I think you and I might agree on this: as you note and Kleene amplifies, the LoEM objection is a sort of "meta-issue" having to do with asserting "for all" with regards to propositions about infinite sets, not an objection to the sets themselves. If we assert the "For all propositions P about sets D: P V ~P" means that to quote Kleene:
"Brouwer's non-acceptance of the law of the excluded middle for infinite sets D does not rest on the failure of mathematicians thus far to have solved this particular problem [his example is Fermat's Last theorem], or any other particular problem. To meet his objection one would have to provide a method adequate in principle for solving not only all the outstanding unsolved mathematical problems, but any others that might ever be proposed in the future."
If I understand this correctly this objection is a "meta-objection" and falls into the province of 2nd order logic. Is my understanding correct here? wvbaileyWvbailey 19:41, 10 January 2007 (UTC)
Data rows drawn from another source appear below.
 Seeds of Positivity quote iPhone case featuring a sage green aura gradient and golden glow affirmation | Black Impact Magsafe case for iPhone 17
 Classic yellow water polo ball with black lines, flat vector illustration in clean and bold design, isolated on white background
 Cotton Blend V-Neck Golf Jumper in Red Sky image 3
Regardless of the above discussion, I still think the text about flying pigs was more perplexing than helpful. The article is more enlightening without it. I think it would be better still if most of the remaining discussion of intuitionism vs. formalism were moved to Intuitionism or yet a third article, perhaps "Intuitionistic logic". --Jorend 22:01, 10 January 2007 (UTC)
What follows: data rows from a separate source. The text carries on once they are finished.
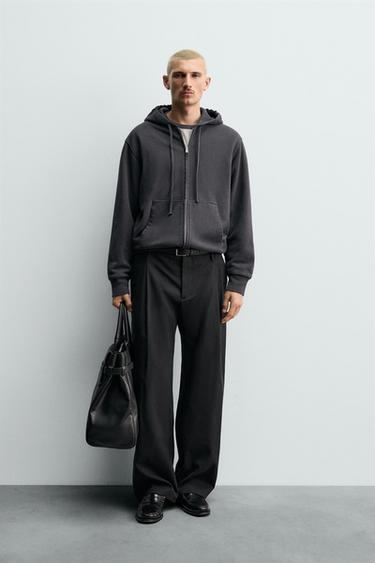 KAPUZENSWEATSHIRT MIT REISSVERSCHLUSS - Dunkles Marineblau von Zara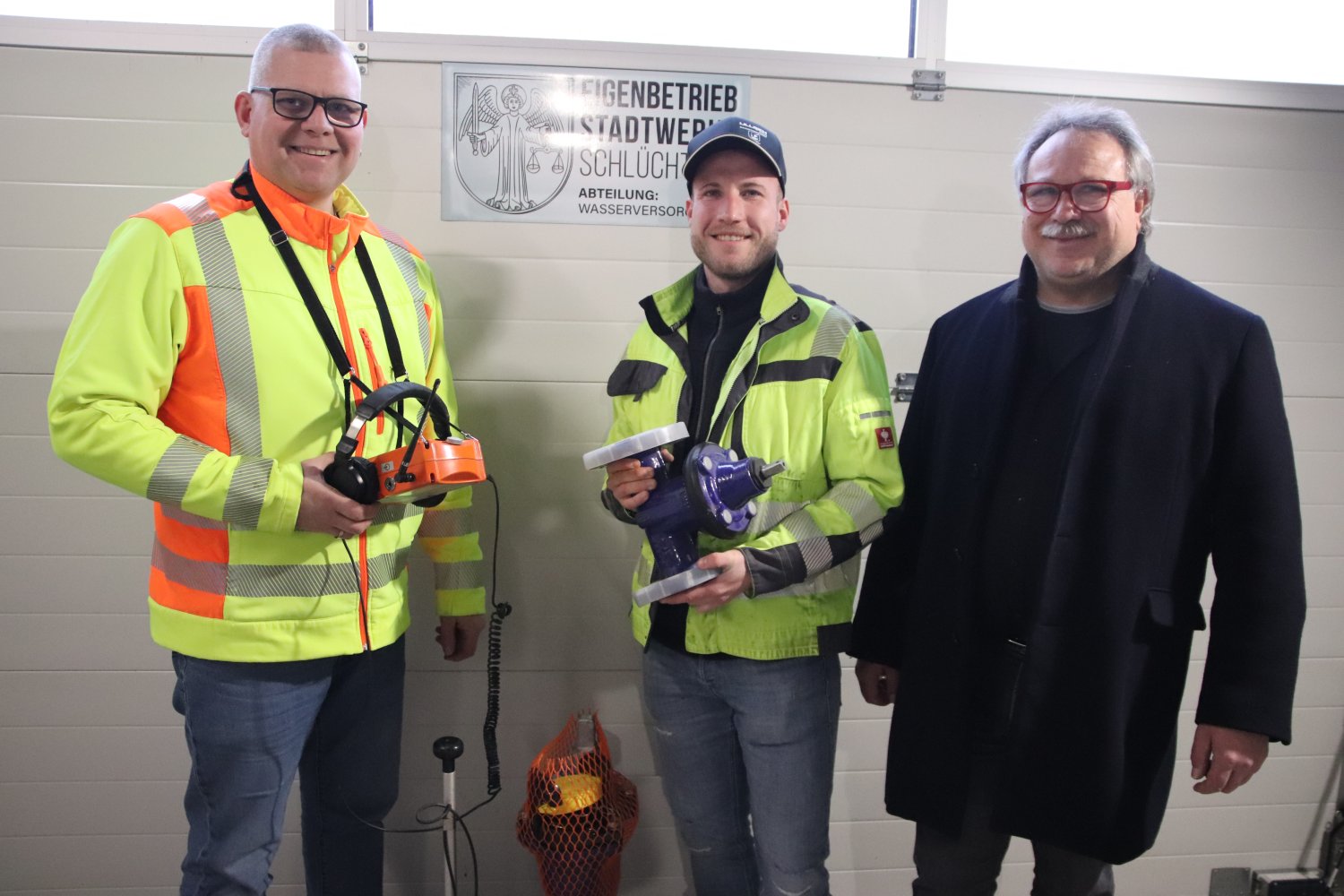 Diese Männer und ihr Team kümmern sich um sauberes Trinkwasser für Schlüchterns Bürgerinnen und Bürger (von rechts): Bernd Kirchhof, Benedikt Hofmann und Steffen Reinhardt. 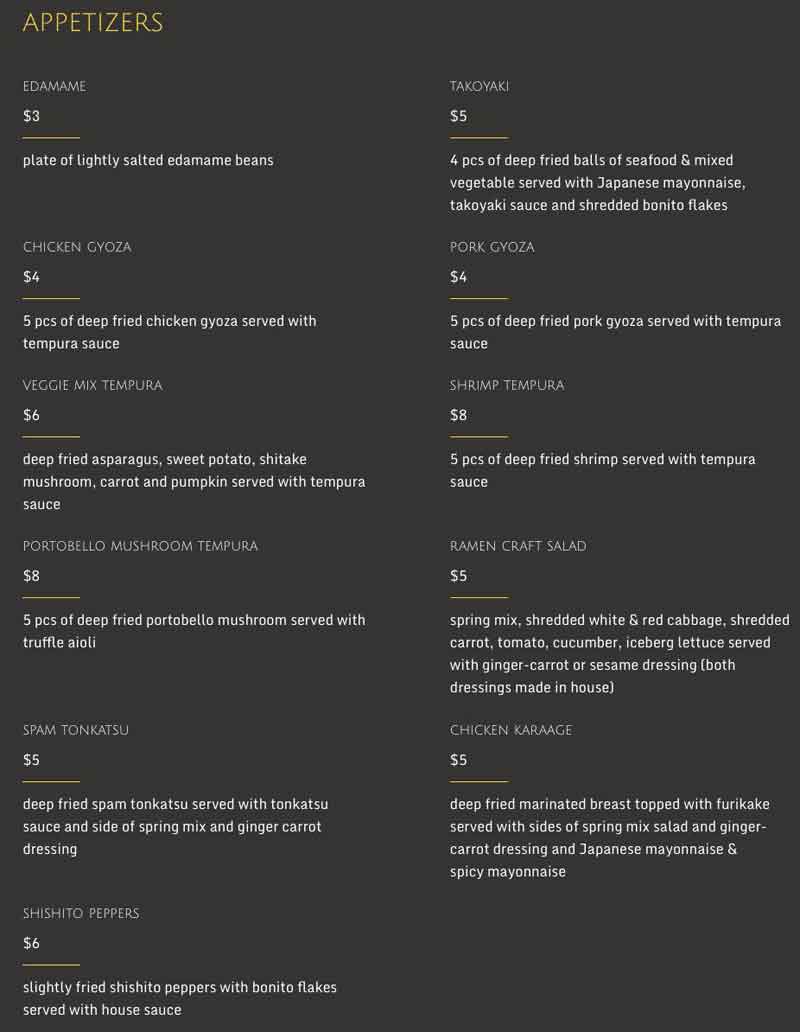 Menu for Raman Craft (2702 N Green Valley Pkwy Henderson NV, 89014)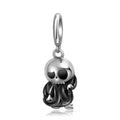 S925 Sterling Silver Hip Hop Skull Dangle Charm Gothic Punk Pendant Bead For DIY Charm Bracelet Necklace Jewelry Gift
The pigs are gone. I've wondered the same thing about the intuitionism part. It seems long-winded. But part of it is necessary in order to present a background for why the LoEM is of any interest at all. Basically, if the intuitionists hadn't harped on about the LoEM there'd probably be no article, or an article about 10 lines long. I came to wikipedia about this time last year, wondering what the fuss was about "the LoEM" -- and what "the LoEM" is -- after reading about Godel and Hilbert and Russell and some oddball named Brouwer:
"the polemical tone of his writing, as well as his combative personality, led him into conflict with many of his peers, including Hilbert and Karl Menger" (Dawson p. 321)
The wikipedia article then didn't help so I did some research and ran into this snarl of conflict in "the foundations of mathematics" that ran rampant through the 1st half of the 20th C -- the LoEM was at the center of it (hence all the articles in van Heijenoort addressing the issue, the defensive tone in Godel's writing w.r.t the LoEM, etc, etc.). So I believe the article should reflect its historical importance in this regard. (And the form ~~P = P is another one that gets beat around the face and neck too).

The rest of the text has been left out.